Change is in the Air

by ScratchConlon



Category: Newsies (1992)
Genre: Drabble, Gen, Newsiestober, One Shot
Language: English
Status: Completed
Published: 2019-10-11
Updated: 2019-10-11
Packaged: 2020-12-08 00:28:46
Rating: General Audiences
Warnings: No Archive Warnings Apply
Chapters: 1
Words: 750
Publisher: archiveofourown.org
Story URL: https://archiveofourown.org/works/20984960
Author URL: https://archiveofourown.org/users/ScratchConlon/pseuds/ScratchConlon
Summary: Jack Kelly has never liked Autumn. The Fall after the strike is particularly bad. How do you deal with growing up when you've been taking care of yourself your entire life?Written for Day 1/10 of Newsiestober.





	Change is in the Air

It’s October 10th and Jack Kelly doesn’t know what to do. He paced in front of the Horace Greely statue in Newsies square. Back and forth, back and forth; his cowboy hat drawn deep over his brow.
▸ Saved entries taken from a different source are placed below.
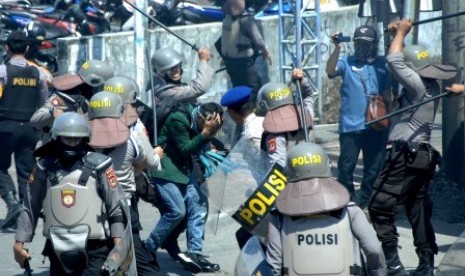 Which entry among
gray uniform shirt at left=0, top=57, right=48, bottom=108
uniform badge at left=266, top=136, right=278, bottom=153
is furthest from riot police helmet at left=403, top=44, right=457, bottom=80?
gray uniform shirt at left=0, top=57, right=48, bottom=108

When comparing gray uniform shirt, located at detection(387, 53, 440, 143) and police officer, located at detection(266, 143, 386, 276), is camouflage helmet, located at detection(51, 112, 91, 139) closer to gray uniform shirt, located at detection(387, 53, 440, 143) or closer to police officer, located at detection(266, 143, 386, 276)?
police officer, located at detection(266, 143, 386, 276)

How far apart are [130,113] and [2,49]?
9304mm

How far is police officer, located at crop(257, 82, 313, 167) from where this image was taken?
815 centimetres

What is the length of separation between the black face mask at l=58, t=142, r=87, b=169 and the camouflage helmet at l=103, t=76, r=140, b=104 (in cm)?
133

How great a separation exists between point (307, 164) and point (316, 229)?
0.35m

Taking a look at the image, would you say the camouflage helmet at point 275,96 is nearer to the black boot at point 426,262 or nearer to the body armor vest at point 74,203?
the black boot at point 426,262

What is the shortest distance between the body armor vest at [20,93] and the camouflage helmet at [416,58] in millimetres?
3556

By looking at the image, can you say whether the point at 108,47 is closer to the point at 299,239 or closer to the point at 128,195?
the point at 128,195

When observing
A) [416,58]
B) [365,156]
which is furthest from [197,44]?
[416,58]

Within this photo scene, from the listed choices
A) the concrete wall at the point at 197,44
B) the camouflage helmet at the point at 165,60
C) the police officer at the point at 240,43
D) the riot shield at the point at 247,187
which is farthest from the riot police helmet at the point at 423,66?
the police officer at the point at 240,43

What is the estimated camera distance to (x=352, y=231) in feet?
20.9

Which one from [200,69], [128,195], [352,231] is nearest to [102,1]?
[200,69]

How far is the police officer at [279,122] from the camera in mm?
8151

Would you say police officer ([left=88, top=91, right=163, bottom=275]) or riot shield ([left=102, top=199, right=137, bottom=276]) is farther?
police officer ([left=88, top=91, right=163, bottom=275]) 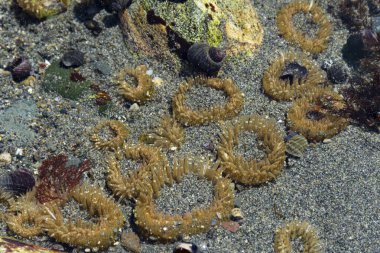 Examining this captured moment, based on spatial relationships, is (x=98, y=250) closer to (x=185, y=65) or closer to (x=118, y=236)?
(x=118, y=236)

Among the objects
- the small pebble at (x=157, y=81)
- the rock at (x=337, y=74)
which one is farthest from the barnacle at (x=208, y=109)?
the rock at (x=337, y=74)

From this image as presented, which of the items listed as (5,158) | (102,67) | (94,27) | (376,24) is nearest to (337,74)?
(376,24)

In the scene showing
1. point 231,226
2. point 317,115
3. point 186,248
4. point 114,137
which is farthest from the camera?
point 317,115

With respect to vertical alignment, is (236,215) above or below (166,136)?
below

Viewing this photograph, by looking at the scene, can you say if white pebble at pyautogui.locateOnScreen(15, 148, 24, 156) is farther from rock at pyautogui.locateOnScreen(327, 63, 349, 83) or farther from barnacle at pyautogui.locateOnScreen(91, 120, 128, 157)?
rock at pyautogui.locateOnScreen(327, 63, 349, 83)

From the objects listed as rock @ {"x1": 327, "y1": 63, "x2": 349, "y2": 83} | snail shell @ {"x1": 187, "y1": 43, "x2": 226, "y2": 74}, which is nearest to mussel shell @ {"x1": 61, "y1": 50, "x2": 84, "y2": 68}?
snail shell @ {"x1": 187, "y1": 43, "x2": 226, "y2": 74}

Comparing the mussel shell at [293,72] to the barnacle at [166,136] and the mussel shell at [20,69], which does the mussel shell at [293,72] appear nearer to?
the barnacle at [166,136]

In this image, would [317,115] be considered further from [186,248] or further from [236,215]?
[186,248]

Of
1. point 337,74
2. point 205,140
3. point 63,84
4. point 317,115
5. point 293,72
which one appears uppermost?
point 337,74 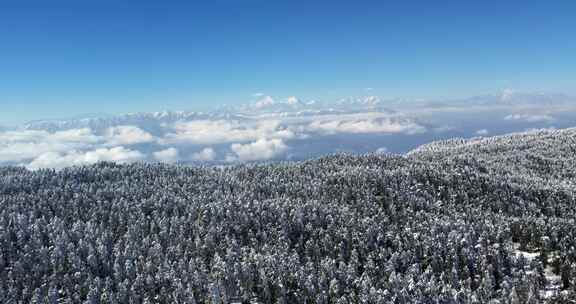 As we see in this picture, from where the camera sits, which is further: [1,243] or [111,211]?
[111,211]

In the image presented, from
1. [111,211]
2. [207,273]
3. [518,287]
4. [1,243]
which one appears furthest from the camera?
[111,211]

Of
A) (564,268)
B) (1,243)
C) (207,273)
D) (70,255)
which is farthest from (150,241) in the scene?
(564,268)

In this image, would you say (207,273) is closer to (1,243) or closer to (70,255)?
(70,255)

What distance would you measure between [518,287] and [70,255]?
139 m

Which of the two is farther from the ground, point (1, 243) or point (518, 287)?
point (1, 243)

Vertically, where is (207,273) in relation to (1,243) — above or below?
below

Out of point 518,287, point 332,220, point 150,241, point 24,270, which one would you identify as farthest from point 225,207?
point 518,287

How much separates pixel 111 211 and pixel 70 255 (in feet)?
159

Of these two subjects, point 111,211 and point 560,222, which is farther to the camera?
point 111,211

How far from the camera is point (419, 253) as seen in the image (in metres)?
141

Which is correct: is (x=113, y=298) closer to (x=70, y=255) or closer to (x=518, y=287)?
(x=70, y=255)

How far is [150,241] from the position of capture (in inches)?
6353

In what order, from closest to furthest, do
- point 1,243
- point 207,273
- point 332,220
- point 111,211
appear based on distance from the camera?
point 207,273
point 1,243
point 332,220
point 111,211

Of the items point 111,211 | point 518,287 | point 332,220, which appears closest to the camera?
point 518,287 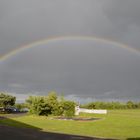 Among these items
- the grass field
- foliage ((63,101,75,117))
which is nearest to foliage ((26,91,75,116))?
foliage ((63,101,75,117))

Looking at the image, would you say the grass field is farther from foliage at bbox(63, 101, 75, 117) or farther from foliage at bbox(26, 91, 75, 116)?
foliage at bbox(26, 91, 75, 116)

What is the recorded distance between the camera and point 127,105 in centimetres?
14088

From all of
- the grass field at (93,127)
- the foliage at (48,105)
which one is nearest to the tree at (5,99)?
the foliage at (48,105)

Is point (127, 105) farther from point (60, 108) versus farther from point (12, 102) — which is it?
point (60, 108)

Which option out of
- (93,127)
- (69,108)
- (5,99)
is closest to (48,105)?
(69,108)

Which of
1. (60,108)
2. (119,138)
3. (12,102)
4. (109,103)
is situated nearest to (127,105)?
(109,103)

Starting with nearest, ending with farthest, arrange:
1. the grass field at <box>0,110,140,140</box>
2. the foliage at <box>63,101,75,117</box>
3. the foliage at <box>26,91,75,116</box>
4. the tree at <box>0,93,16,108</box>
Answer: the grass field at <box>0,110,140,140</box>
the foliage at <box>63,101,75,117</box>
the foliage at <box>26,91,75,116</box>
the tree at <box>0,93,16,108</box>

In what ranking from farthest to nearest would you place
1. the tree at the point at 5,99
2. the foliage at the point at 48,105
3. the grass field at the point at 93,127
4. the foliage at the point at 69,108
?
the tree at the point at 5,99 → the foliage at the point at 48,105 → the foliage at the point at 69,108 → the grass field at the point at 93,127

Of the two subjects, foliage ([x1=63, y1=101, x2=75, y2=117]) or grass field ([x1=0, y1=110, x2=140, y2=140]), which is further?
foliage ([x1=63, y1=101, x2=75, y2=117])

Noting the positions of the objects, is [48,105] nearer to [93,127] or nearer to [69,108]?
[69,108]

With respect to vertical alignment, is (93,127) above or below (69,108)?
below

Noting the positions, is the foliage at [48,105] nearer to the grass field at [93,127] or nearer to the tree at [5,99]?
the grass field at [93,127]

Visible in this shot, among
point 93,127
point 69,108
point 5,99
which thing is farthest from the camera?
point 5,99

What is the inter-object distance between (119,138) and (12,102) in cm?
9098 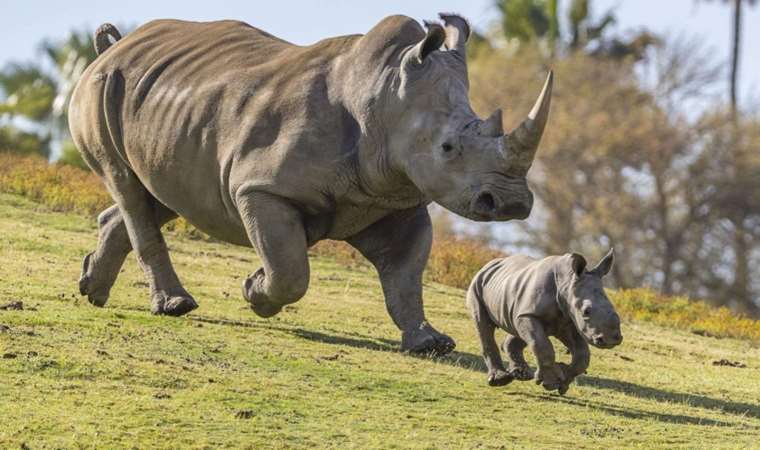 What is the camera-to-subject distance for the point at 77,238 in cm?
1912

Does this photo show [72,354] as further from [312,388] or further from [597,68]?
[597,68]

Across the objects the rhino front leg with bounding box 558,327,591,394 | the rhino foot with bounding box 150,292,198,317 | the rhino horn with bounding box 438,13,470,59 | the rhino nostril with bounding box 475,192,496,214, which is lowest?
the rhino foot with bounding box 150,292,198,317

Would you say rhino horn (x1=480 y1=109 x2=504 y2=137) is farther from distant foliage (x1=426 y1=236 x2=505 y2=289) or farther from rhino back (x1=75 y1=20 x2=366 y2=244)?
distant foliage (x1=426 y1=236 x2=505 y2=289)

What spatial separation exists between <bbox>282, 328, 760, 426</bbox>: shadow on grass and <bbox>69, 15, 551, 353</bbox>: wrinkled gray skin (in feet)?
3.45

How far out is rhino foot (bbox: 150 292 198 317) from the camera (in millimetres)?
13477

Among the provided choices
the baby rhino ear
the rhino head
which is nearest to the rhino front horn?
the rhino head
He told himself that he would make a decision after the strike was over. He hadn’t gone to Santa Fe, he stayed in the city to be with his friends and the people he cared about more than anything. But Jack had expected something to change. Wasn’t the strike about changing everything? About making everything better? But for the last few months he had woken up every day in the lodge house, or sometimes the Jacobs’ apartment -or even their fire escape or rooftop if he was feeling too closed in- and he went to work selling papers.

He told himself he would make a decision. But he kept putting it off. He didn’t want to be a newsie forever, but it was what he knew, and no one could deny he was good at it.

He_ had_ thought about other jobs. He had even talked to Denton and Mayer Jacobs about other jobs. They both had ideas, but Jack hadn’t ever taken them up on it. Now it was October, and his hands were cold. The cold air pressed in on him like a vice. All of a sudden summer was over and winter really had been waiting the whole time. He pressed his back to the cold stones on the base of the statue and looked up at the small trees that dared to grow in the city. Their leaves were changing and falling to the ground. Jack felt like he could _see_ it happening, see the green fading from their branches. He felt like he was growing up and dying with them.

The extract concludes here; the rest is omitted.